Source code for ase.io.runner.reader

"""RuNNer input.data support

Read files in RuNNer's input.data file format.

Contains
--------
* `read_runnerdata`: Read structures from a RuNNer input.data file.

Reference
---------
* [The online documentation of RuNNer 2.0](https://runner-suite.gitlab.io/runner2)

Contributors
------------
* Maintainer and Author: [Alexander Knoll](mailto:alexander.knoll@rub.de)
* Author: [Redouan El Haouari](mailto:redouan.elhaouari@rub.de)
"""

import re
from collections.abc import Iterator
from typing import TextIO

from ase.atoms import Atoms
from ase.utils import reader

from .runneratoms import (
    DEFAULT_ATOM_LAYOUT,
    PROP_NAME_DICT,
    RuNNerAtoms,
    Units,
)

# Regex pattern for vector properties like "forces(3)"
_vector_pattern = re.compile(r'([\w\-]+)\((\d+)\)')
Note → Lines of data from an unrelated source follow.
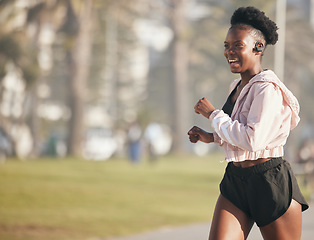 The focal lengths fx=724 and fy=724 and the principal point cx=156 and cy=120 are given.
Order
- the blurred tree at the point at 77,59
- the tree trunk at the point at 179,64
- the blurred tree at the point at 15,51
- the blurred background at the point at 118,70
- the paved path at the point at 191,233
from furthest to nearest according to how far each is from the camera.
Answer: the tree trunk at the point at 179,64 → the blurred tree at the point at 77,59 → the blurred background at the point at 118,70 → the blurred tree at the point at 15,51 → the paved path at the point at 191,233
def _parse_begin(begin_line: str) -> list[tuple[str, int]]:
    """Parse the begin line to determine per-atom property layout.

    Returns a list of (name, length) for all properties (vector or scalar).
    Scalars have length 1.

    The two default fields "positions" and "element" are skipped.
    """
    fields = begin_line.strip().split()[1:]
    layout: list[tuple[str, int]] = []

    if len(fields) == 0:
        return DEFAULT_ATOM_LAYOUT

    # skip the first two fields (position, element), since they are fixed.
    for field in fields[2:]:
        match = _vector_pattern.fullmatch(field)
        if match:
            name, length = match.group(1), int(match.group(2))
        else:
            name = field
            length = 1

        # Normalize property names by replacing them with the defaults defined
        # in the dictionary PROP_NAME_DICT.
        name = PROP_NAME_DICT.get(name, name)

        layout.append((name, length))

    return layout


def _parse_chunk(
    chunk: str, begin_line: str, input_units: Units
) -> RuNNerAtoms:
    """Parse a single chunk into a RuNNerAtoms object."""
    atom_layout = _parse_begin(begin_line)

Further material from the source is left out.